## Source data
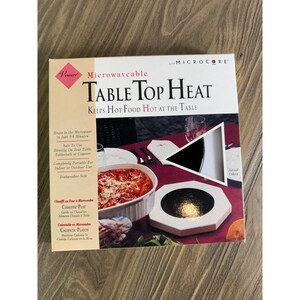 May include: A square product box for a microwavable Table Top Heat warming pad. The packaging features text including "Microwaveable Table Top Heat" and "Keeps Hot Food Hot at the Table," with an image of a white octagonal warming pad.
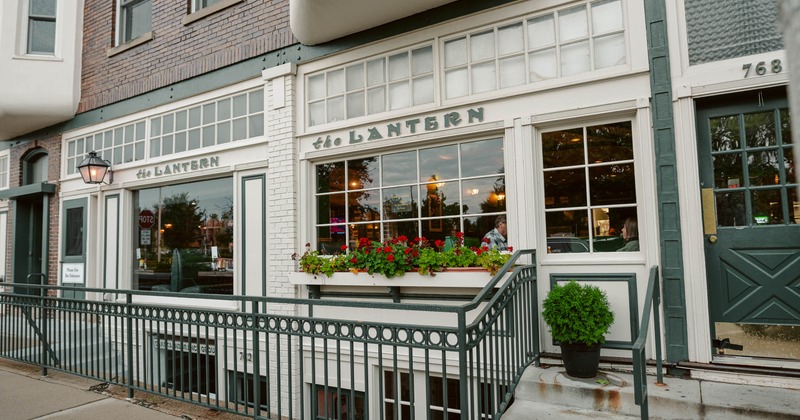 Exterior, side walk, front view to restaurant porch and entrance
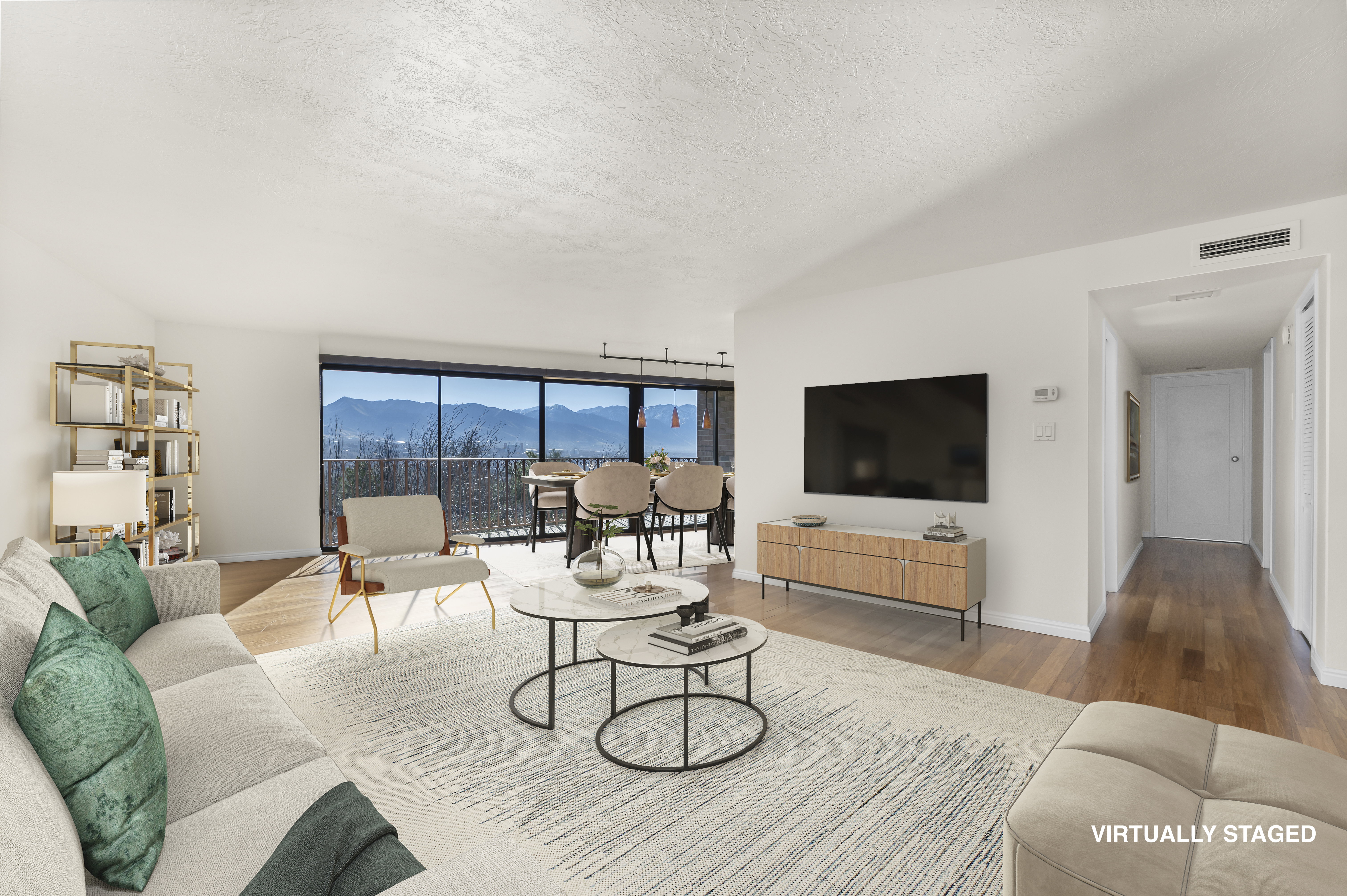 Living room featuring wood finished floors and a textured ceiling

## How to complete this task
Line by line, reproduce exactly the lines from the one containing "Exterior, side walk, front" through the final line of the material, both included, leaving every picture out.

## Exercise result
 Exterior, side walk, front view to restaurant porch and entrance
 Living room featuring wood finished floors and a textured ceiling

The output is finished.